Exercise: In this exercise, the entries below include pictures. Repeat exactly the lines from the line with "Vettore gratuito insieme" to the line with "Kristallen hanglamp moderne", including both, but without the pictures.

━━━━━ Task data

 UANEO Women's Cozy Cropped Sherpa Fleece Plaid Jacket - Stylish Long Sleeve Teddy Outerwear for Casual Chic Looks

━━━━━━━━━━
━━━━━ Task data

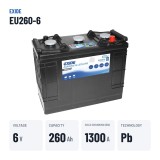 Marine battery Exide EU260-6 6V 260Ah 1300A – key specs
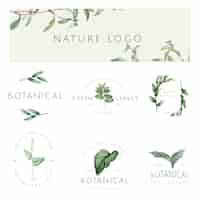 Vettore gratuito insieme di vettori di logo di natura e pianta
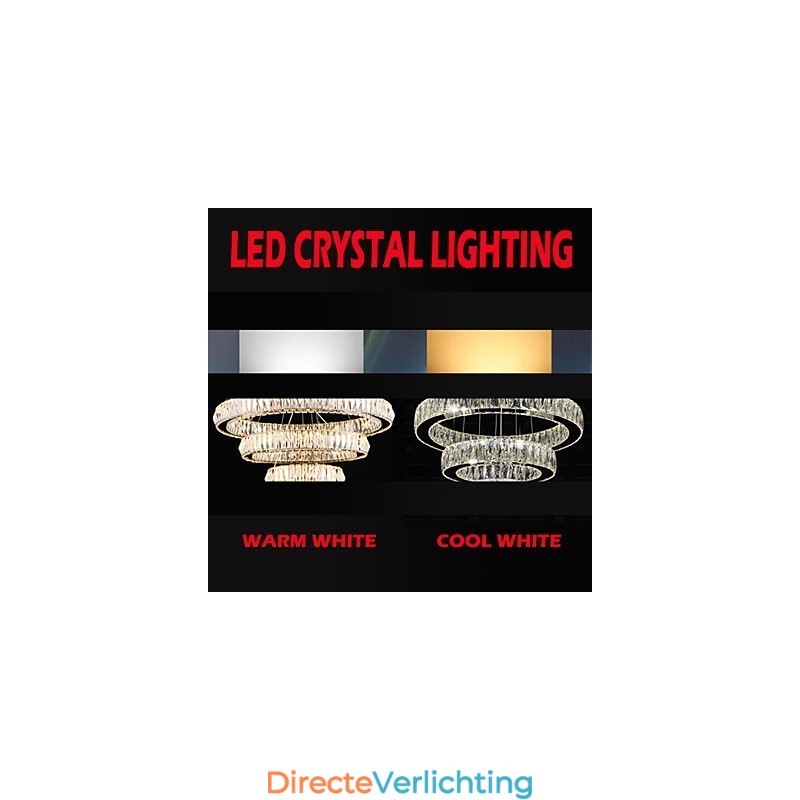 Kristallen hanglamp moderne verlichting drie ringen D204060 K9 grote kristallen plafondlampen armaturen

━━━━━━━━━━

Solution:
 Vettore gratuito insieme di vettori di logo di natura e pianta
 Kristallen hanglamp moderne verlichting drie ringen D204060 K9 grote kristallen plafondlampen armaturen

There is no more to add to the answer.